An exhibit titled “Memories” commemorating terror victims at the United Nations in New York in 2024. Photo courtesy of the United Nations Visitors Centre.
When the United Nations marks International Day of Remembrance and Tribute to Victims of Terrorism on Wednesday, August 21, it will treat some victims as more equal than others, according to Gilad Erdan, the outgoing Israeli ambassador to the United Nations. The Israeli envoy posted a video walkthrough—in Hebrew with English subtitles—of an exhibit about global terror victims at U.N. headquarters in New York, in a place where all visitors enter the building.
Guess What Is Missing?
There are mentions of the Sept. 11 terror attacks in 2001 and the Boston Marathon bombing in 2013, as well as references to terror in Indonesia and Kenya. “But what’s missing?” Erdan asked.
“There’s not a single mention of any attack carried out by Palestinians against Israelis,” he said. “We are about to mark one year since the massacre and the largest terrorist attack against Jews and Israelis since the Holocaust.
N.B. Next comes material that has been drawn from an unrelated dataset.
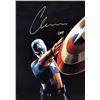 Image 1 : Avenger Photo Chris Evans Autographed Signed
Yet the U.N. doesn’t think it needs to be displayed on its walls.”
There is a display of a “Palestinian victim,” which the U.N. exhibit identifies as occurring in “Palestine,” Erdan noted, “so that people might think she was harmed in Israel, but when you read the fine print, it turns out she was actually injured in an attack in New Zealand.”
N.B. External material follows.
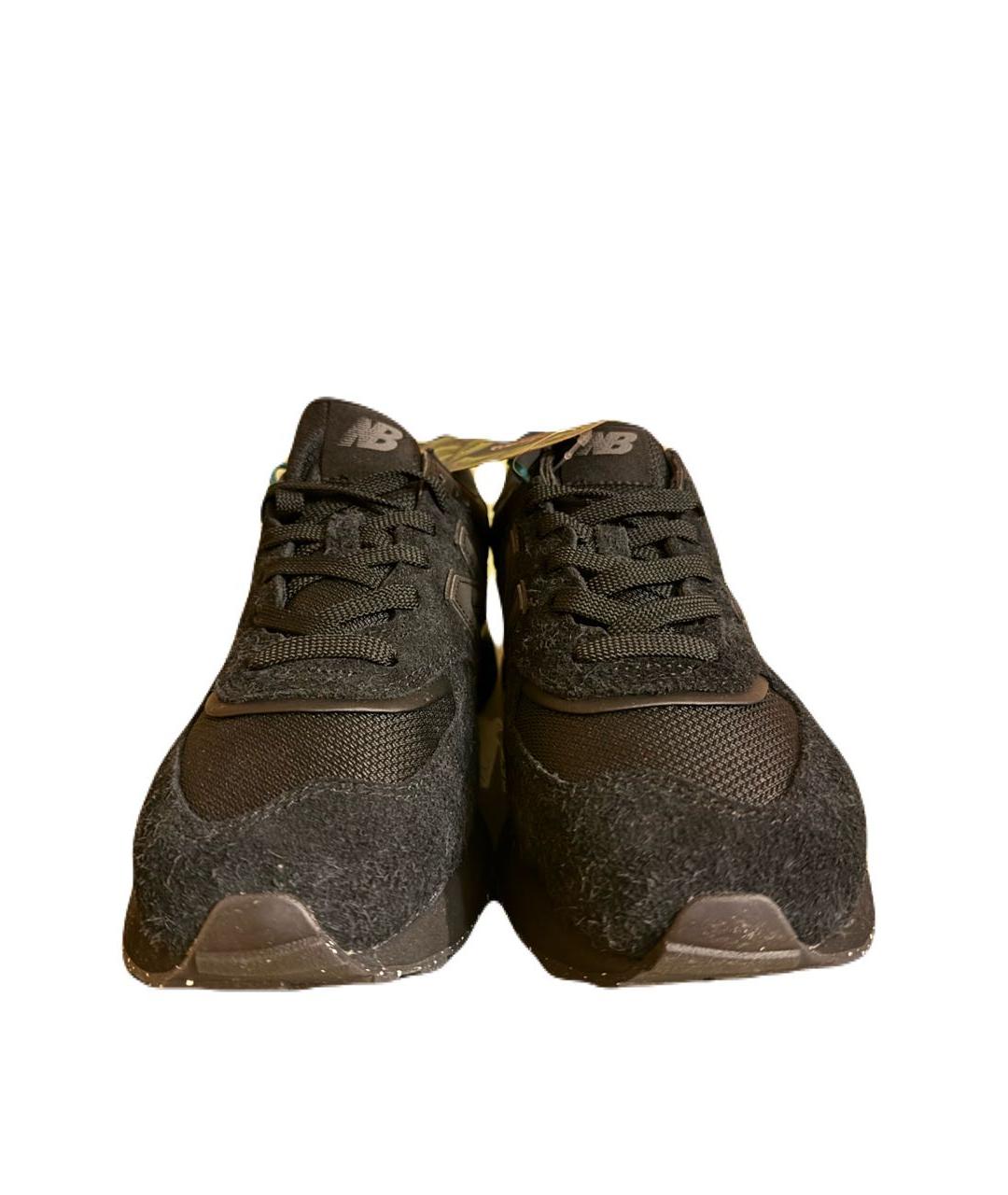 NEW BALANCE Черные замшевые высокие кроссовки / кеды, фото 2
The exhibit “Memories,” which is on view until Aug. 27, “aims to raise awareness about the human stories that lie at the heart of each victim and survivor of terrorism, as well as the long-lasting impact each terrorist attack has on its surviving victims,” per the U.N. website.
“It also seeks to highlight the commonalities that connect victims across the world and to emphasize the importance of preventing terrorist attacks and the emergence of new victims,” it adds. “It is in connection with the International Day of Remembrance and Tribute to the Victims of Terrorism (Aug. 21).”
The Global Victims of Terrorism Support Programme of the Counter-Terrorism Center of the U.N. Office of Counter-Terrorism organized the show, which the U.N. Office of Counter-Terrorism also endorsed, according to the U.N. website.
“There is no place more corrupt and morally twisted than the U.N., and we must all unite to spread this message worldwide, demanding the closure and the dismantling of this organization, and the establishment of a new body that truly represents noble values,” the ambassador said.